* _Problem to work on_
Take the material below and output exactly the run of lines from the one containing "STERLING DRUG - Pharmacy" down to the one containing "Yankee Candle Sparkling", with both included.

* _Data provided_
• • • • •

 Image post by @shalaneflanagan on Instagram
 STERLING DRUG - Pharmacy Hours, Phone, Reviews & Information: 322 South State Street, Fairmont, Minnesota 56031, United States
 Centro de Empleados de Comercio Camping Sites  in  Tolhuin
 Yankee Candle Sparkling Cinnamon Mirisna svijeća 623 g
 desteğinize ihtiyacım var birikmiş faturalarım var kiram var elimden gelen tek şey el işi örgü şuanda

• • • • •

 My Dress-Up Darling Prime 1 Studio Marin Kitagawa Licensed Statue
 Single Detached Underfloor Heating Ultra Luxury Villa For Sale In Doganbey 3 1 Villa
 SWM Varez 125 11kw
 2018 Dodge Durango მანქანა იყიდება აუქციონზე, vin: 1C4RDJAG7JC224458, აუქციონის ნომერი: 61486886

• • • • •

* _Output for this task_
 STERLING DRUG - Pharmacy Hours, Phone, Reviews & Information: 322 South State Street, Fairmont, Minnesota 56031, United States
 Centro de Empleados de Comercio Camping Sites  in  Tolhuin
 Yankee Candle Sparkling Cinnamon Mirisna svijeća 623 g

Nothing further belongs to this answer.